BRIEF =>
Among the entries below, please repeat exactly and only the lines from the line containing "Salvage Mercedes-Benz GLA Image" to the line containing "Custodia per telefono", both lines included.

>>>>>

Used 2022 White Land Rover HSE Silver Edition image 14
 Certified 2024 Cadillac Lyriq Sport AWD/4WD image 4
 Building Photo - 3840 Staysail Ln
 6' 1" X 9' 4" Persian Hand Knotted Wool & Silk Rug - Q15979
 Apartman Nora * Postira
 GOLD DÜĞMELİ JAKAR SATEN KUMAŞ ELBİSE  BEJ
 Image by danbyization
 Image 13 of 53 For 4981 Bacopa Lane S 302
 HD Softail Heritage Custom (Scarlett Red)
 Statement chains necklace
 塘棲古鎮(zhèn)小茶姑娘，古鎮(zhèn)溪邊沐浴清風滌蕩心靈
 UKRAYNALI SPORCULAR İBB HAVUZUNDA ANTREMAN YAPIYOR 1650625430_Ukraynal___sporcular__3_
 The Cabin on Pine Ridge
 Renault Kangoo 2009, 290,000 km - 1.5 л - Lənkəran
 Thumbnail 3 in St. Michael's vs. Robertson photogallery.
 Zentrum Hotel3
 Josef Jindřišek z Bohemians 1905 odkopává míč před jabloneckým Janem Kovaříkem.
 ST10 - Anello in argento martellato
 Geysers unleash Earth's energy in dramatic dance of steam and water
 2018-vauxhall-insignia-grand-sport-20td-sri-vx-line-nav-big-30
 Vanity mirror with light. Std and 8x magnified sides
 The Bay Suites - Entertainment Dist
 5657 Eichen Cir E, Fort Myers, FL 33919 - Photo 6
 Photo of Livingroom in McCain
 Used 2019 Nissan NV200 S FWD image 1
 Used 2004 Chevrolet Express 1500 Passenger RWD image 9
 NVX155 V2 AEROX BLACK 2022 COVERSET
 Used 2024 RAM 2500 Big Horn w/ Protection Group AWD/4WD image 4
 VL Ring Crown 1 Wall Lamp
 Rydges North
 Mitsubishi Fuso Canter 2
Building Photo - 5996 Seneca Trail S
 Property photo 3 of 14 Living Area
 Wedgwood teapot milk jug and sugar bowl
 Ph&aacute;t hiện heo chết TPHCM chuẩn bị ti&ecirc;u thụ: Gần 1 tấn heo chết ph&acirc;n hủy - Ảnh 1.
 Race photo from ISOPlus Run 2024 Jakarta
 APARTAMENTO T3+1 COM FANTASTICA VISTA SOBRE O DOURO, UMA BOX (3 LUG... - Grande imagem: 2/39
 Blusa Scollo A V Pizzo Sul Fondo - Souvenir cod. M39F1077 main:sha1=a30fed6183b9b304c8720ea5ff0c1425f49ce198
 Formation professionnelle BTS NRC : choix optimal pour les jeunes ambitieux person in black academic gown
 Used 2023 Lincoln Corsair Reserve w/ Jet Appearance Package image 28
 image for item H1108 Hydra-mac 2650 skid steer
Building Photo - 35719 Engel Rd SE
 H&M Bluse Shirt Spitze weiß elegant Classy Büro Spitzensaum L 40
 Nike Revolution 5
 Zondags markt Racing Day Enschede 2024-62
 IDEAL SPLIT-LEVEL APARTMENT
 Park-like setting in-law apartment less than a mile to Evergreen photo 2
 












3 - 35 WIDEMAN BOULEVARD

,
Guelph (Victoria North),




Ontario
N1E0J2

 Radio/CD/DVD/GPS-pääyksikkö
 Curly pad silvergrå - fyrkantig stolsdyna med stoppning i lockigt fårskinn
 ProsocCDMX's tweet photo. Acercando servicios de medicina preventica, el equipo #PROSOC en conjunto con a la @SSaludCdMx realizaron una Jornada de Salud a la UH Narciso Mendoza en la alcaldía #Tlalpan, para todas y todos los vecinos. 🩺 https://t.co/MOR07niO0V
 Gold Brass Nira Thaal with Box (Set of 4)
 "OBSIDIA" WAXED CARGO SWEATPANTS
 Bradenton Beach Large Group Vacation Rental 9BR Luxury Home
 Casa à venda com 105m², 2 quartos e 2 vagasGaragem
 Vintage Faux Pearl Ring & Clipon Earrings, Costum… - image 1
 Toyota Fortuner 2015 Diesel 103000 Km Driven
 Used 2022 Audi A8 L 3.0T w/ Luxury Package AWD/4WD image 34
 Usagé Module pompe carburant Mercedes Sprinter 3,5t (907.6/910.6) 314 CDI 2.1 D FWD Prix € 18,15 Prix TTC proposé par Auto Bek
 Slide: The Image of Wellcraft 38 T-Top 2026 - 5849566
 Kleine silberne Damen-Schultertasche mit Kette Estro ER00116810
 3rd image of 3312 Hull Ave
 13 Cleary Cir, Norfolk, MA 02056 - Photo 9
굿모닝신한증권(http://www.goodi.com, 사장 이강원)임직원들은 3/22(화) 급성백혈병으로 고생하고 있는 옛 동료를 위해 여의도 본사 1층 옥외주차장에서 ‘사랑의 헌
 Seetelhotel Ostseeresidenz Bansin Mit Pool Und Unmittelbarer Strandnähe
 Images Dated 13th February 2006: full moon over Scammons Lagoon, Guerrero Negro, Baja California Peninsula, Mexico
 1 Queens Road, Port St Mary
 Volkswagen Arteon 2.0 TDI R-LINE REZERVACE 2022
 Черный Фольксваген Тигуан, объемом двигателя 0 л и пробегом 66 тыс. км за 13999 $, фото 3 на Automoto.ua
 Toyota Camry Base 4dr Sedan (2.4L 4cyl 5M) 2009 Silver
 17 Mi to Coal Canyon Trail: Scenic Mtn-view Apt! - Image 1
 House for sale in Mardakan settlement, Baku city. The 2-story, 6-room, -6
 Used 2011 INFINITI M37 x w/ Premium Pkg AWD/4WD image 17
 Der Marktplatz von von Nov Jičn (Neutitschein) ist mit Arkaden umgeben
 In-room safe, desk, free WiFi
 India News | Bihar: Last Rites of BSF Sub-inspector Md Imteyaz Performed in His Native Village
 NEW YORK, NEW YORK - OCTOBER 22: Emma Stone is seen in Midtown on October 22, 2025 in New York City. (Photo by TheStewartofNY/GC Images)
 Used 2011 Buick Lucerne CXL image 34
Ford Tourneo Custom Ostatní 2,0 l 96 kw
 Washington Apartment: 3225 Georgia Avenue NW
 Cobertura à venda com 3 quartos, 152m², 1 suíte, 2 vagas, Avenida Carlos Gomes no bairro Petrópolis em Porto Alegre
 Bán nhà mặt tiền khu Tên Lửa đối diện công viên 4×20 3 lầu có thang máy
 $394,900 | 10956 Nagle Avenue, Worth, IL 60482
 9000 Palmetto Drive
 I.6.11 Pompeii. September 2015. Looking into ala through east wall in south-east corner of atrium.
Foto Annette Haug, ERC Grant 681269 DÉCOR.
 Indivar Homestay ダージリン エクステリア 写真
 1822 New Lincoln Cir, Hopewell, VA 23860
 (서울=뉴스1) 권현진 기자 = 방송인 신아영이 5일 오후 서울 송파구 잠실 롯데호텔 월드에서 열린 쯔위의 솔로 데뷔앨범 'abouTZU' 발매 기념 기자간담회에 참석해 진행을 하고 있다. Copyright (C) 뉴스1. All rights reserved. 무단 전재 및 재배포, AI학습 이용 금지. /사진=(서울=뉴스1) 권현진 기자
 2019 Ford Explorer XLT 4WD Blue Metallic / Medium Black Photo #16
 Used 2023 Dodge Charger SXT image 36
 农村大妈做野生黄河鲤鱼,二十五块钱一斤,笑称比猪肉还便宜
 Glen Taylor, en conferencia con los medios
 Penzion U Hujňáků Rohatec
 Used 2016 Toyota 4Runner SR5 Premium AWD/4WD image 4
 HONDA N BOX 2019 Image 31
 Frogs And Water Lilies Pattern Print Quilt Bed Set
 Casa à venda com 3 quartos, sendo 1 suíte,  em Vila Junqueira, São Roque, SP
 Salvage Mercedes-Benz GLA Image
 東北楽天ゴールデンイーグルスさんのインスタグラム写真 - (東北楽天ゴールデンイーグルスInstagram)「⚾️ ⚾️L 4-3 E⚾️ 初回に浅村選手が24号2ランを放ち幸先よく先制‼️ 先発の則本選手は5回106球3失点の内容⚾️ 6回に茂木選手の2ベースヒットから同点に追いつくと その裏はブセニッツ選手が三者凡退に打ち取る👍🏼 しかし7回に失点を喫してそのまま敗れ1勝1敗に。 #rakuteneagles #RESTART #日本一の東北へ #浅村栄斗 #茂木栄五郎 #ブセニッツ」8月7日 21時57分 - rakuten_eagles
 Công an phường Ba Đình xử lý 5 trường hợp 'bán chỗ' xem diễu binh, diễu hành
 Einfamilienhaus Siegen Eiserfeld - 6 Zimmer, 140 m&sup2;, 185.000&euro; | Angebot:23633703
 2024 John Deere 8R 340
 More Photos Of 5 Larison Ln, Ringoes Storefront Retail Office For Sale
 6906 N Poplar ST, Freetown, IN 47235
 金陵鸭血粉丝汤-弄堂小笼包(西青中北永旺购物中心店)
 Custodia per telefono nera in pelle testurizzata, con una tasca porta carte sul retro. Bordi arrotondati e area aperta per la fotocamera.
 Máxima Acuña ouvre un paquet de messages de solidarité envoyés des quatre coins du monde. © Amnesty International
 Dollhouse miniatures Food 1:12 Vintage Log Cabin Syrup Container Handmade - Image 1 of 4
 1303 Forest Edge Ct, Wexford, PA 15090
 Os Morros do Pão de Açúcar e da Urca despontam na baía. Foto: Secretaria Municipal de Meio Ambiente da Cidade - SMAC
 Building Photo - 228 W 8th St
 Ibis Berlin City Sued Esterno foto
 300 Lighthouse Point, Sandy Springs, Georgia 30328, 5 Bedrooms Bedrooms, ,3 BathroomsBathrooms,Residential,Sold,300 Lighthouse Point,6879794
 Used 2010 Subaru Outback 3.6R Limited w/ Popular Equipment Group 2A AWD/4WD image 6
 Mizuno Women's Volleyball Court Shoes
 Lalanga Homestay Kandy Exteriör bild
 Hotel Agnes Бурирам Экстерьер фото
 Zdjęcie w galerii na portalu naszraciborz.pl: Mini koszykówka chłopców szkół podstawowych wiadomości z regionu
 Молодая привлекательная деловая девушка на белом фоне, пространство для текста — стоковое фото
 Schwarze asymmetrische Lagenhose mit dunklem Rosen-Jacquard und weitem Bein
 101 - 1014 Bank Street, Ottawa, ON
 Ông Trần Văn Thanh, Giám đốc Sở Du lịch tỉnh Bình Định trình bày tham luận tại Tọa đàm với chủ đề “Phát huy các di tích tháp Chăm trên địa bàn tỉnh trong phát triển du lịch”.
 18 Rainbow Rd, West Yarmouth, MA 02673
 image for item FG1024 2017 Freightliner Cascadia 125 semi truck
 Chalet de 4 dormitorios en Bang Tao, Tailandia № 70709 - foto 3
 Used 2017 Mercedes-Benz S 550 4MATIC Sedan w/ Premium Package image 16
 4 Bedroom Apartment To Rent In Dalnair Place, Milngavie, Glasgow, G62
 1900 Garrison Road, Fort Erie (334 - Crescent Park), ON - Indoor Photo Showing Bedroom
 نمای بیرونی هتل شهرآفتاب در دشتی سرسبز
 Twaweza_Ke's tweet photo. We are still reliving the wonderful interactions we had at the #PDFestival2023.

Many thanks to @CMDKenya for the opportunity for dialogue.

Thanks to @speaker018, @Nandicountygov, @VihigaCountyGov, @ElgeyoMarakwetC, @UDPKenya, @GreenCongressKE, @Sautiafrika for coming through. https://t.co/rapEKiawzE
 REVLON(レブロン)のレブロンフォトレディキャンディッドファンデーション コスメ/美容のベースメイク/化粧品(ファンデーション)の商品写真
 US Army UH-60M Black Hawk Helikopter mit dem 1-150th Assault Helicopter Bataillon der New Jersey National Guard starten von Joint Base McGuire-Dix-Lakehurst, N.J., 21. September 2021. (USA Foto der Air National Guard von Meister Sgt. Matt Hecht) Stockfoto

<<<<<

SOLUTION FOR THIS PROBLEM =>
 Salvage Mercedes-Benz GLA Image
 東北楽天ゴールデンイーグルスさんのインスタグラム写真 - (東北楽天ゴールデンイーグルスInstagram)「⚾️ ⚾️L 4-3 E⚾️ 初回に浅村選手が24号2ランを放ち幸先よく先制‼️ 先発の則本選手は5回106球3失点の内容⚾️ 6回に茂木選手の2ベースヒットから同点に追いつくと その裏はブセニッツ選手が三者凡退に打ち取る👍🏼 しかし7回に失点を喫してそのまま敗れ1勝1敗に。 #rakuteneagles #RESTART #日本一の東北へ #浅村栄斗 #茂木栄五郎 #ブセニッツ」8月7日 21時57分 - rakuten_eagles
 Công an phường Ba Đình xử lý 5 trường hợp 'bán chỗ' xem diễu binh, diễu hành
 Einfamilienhaus Siegen Eiserfeld - 6 Zimmer, 140 m&sup2;, 185.000&euro; | Angebot:23633703
 2024 John Deere 8R 340
 More Photos Of 5 Larison Ln, Ringoes Storefront Retail Office For Sale
 6906 N Poplar ST, Freetown, IN 47235
 金陵鸭血粉丝汤-弄堂小笼包(西青中北永旺购物中心店)
 Custodia per telefono nera in pelle testurizzata, con una tasca porta carte sul retro. Bordi arrotondati e area aperta per la fotocamera.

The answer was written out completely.